なんとか受け身を取り起き上がると、鱗が剥がれ体の内部が露出しているモンスターの姿が目に映る。かなりのダメージを与えたように見えるが、小型のモンスターでもあれくらいの負傷では止まらなかった。
追撃を加えようと銃を構えると、鎌首を上げようとしたモンスターの上に倒れてきた建物が倒れ込み、ヤツの体を押しつぶす。

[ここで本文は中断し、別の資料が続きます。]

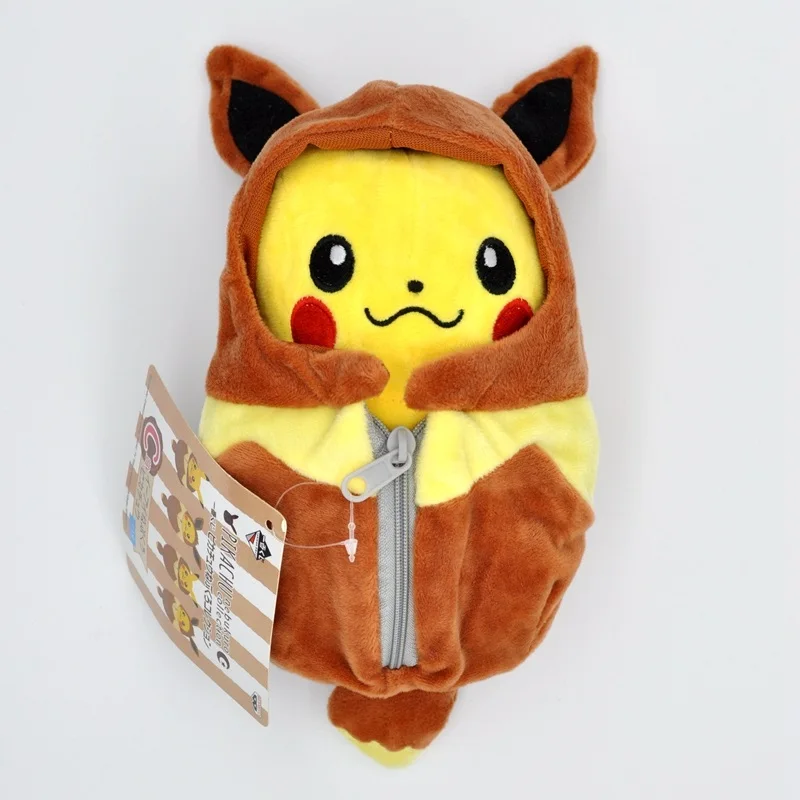 20 см Мультфильм Плюшевая Игрушка «Пикачу» Косплей Charizard Eevee кукла мягкая плюшевая Мягкая кукла игрушки спальный мешок детский подарок на день рождения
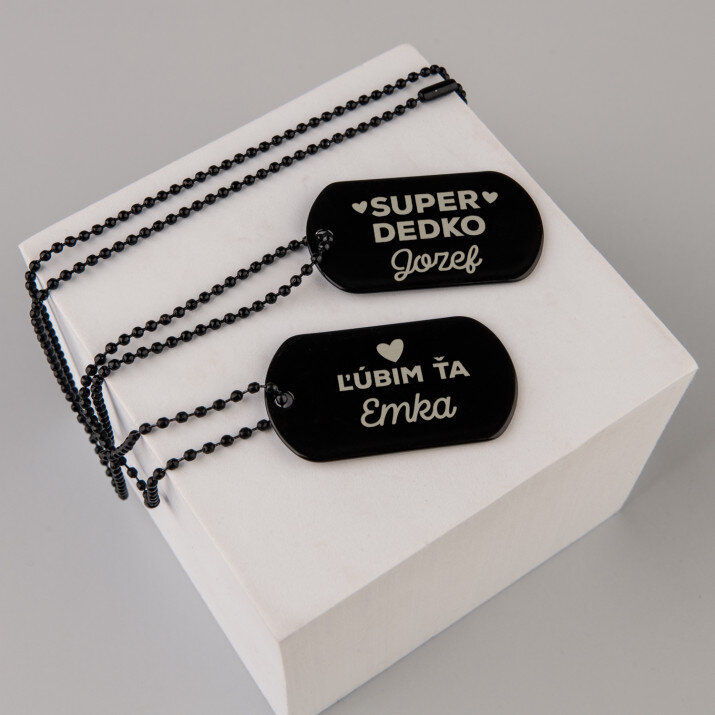 Super dedko - Identifikačné známka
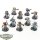 Space Wolves - 10x Grey Hunters - teilweise bemalt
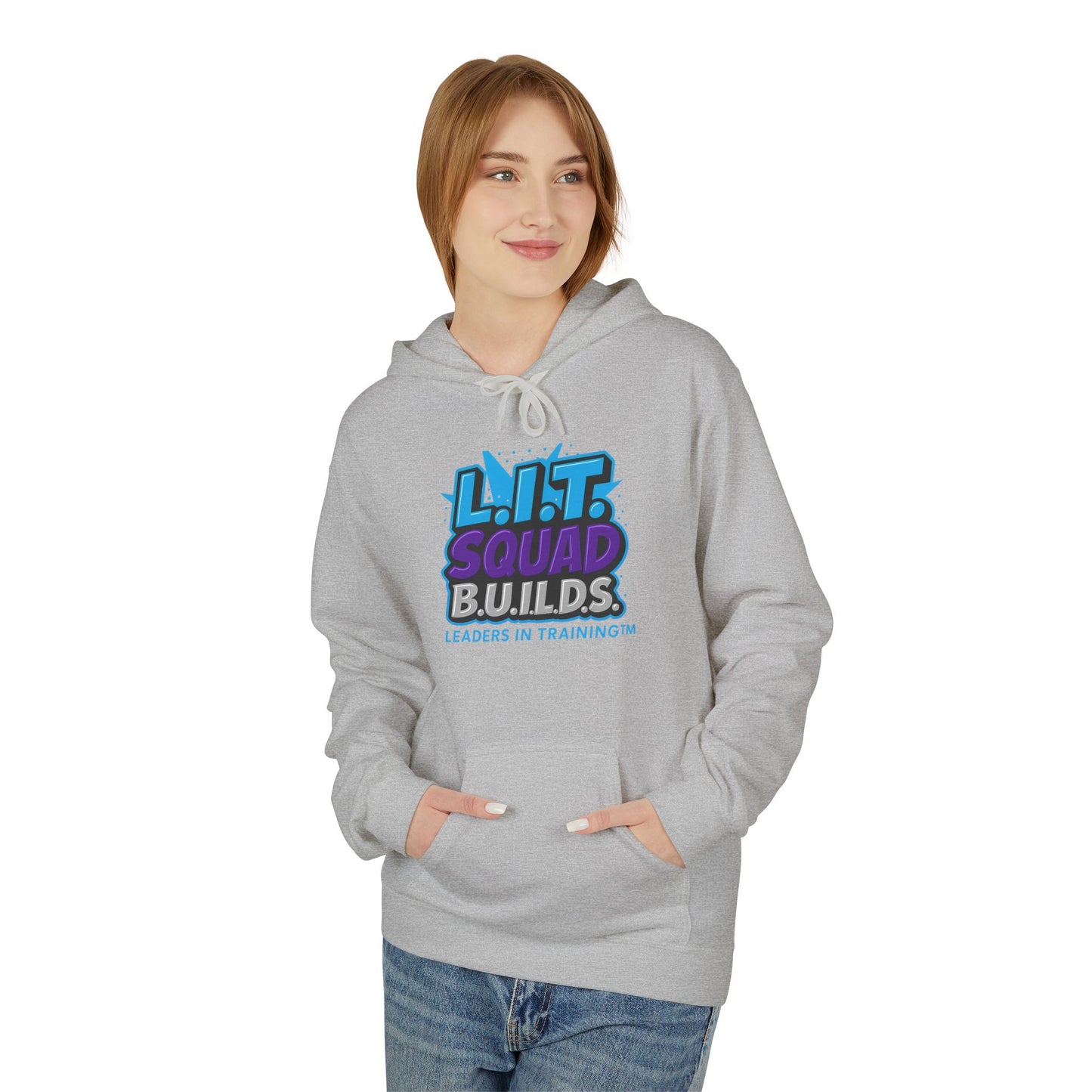 L.I.T. SQUAD B.U.I.L.D.S. Leaders In Training™ Adult Hoodie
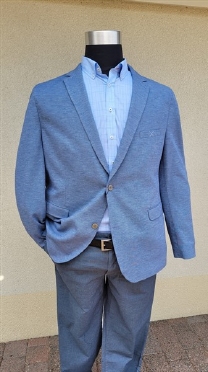 Gebr. Weis casual blazer CARLOS F, blue grey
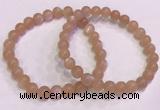 CGB4586 7.5 inches 7mm round sunstone beaded bracelets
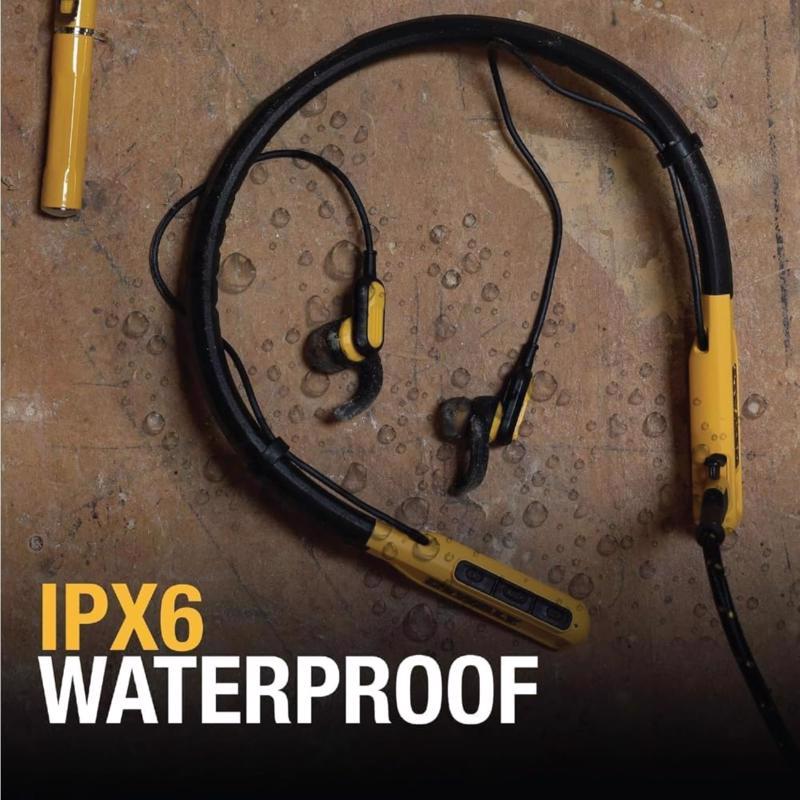 DeWalt Wireless Bluetooth Behind-the-Neck Headphones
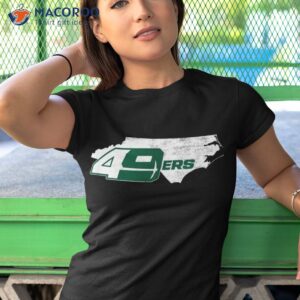 official unc charlotte 49ers state shape t shirt tshirt 1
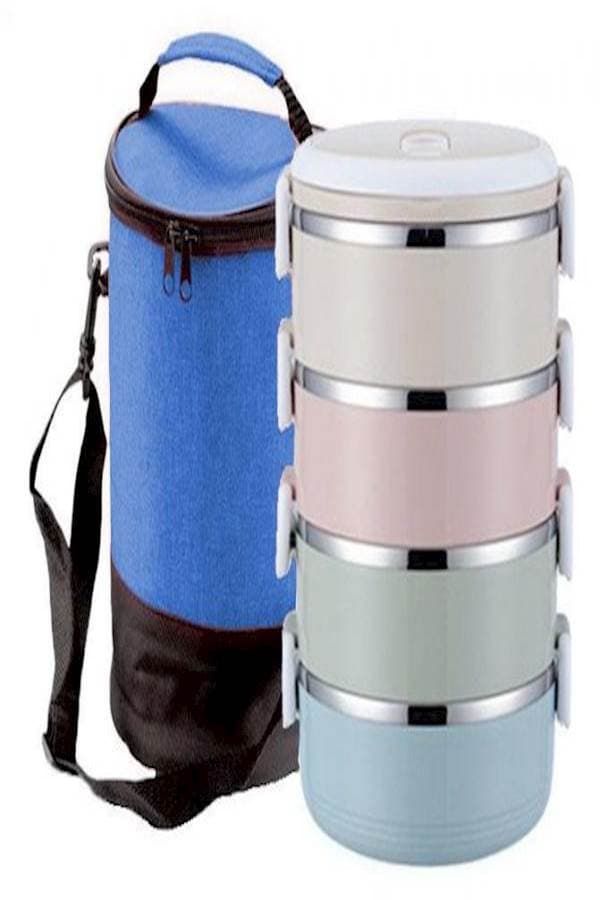 4-Layers Portable Japanese Box With Insulated Bag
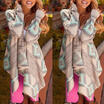 Women Ladies Fine Knit Cardigan Round Neck & V Neck Long Sleeve Tops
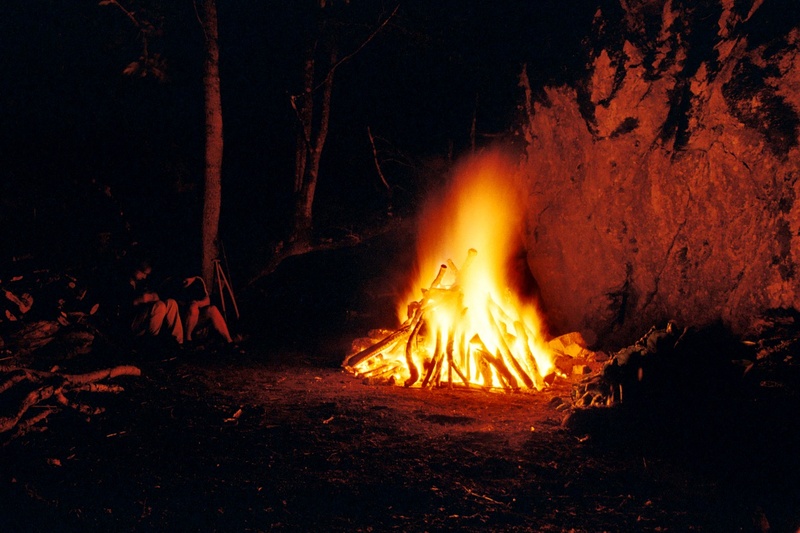 camping, land, ritual, indians, wood, tree, blaze, flame, adventure, self-awareness, fire, night, workshop, campfire, fire - Natural Phenomenon, hot, rock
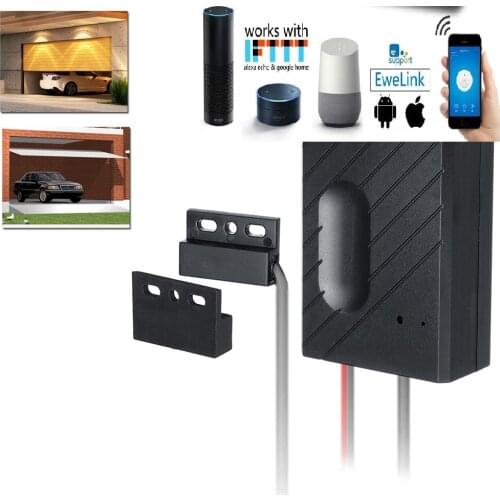 Ewelink WiFi Smart Switch Garage Door Openner for Car Garage Door Controll APP Remote Control Timing Voice Control Alexa Google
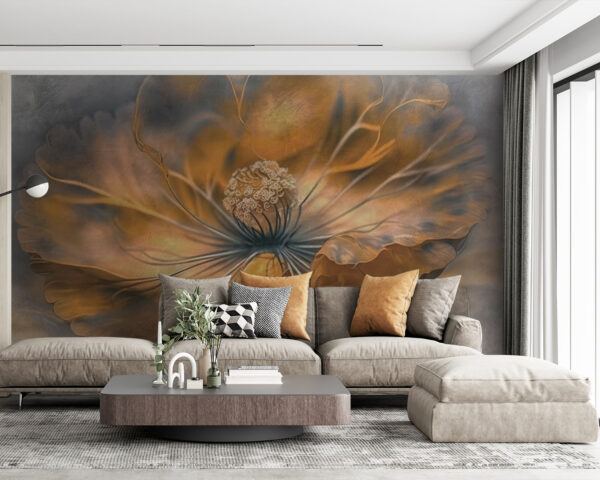 Blurry image of a person’s face Wall murals Blurry image of a person’s face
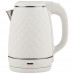 Чайник Homestar HS-1007 (1,7 л), белый, двойной корпус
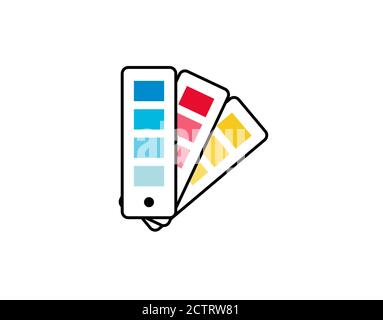 Color Palette Flat Icon on white background in vector illustration Stock Vector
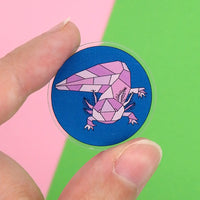 Axolotl acrylic pin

轟音と土埃が巻き上がり、さらに追撃とばかりに数発のミサイルが撃ち込まれる。
爆炎と衝撃波が走り抜け、ワーカー達は銃を構えたまま動きを止めた。
「・・・・・・やったか?」
そして誰かが呪いの言葉を口にする。
「お前そう言う事言うとだな・・・・」
その相棒だろうか?隣にいたワーカーが突っ込みを入れようとした時、僅かに地面が揺れ始める。
「・・・・・なんだ?」
「揺れてる?」
その揺れは徐々に大きくなっていき、倒壊した建物の下から地面にひび割れが走り始める。
「おい!マズいぞ!逃げろ!!!」
俺を含めたワーカー全員が構えを解き、そのひび割れから離れようと全力で走り始める。
数秒後、そのひび割れは大きな音と共に崩れ落ち、モンスターも瓦礫も建物も一緒くたに飲み込んでしまった。
キクチ視点
「第2区画で崩落が発生!おそらく出現したモンスターにより地下構造が傷つけられていたと思われます!!」
「被害は?!」
「調査中です。戦闘に当たっていたワーカー達は崩落範囲から退避し無事な様ですが、地下に潜っているワーカー達の一部から連絡が取れません」
「崩落の範囲と2次災害の想定範囲を算出。その範囲には誰も近づけない様に。それと、地表に出てきたモンスターは?」
「崩落に巻き込まれた様です。生死は不明との事」
「・・・・・・」
崩落程度のダメージで死ぬとは考えづらい。それに、たとえ死んだとしてもナノマシンに成り代わられて再生化分裂するのは間違いない。
だが、2次崩落の危険がある限り追撃は出来ない。
ワーカー達は他の区画に回して作戦を続けるべきだろう。
「第2区画の駆除は一旦中止。担当ワーカー達は他の区画に振り分けて下さい」
「了解」
あともう少し。
カウンターナノマシンの量産が開始されるまでの時間を稼がなくては。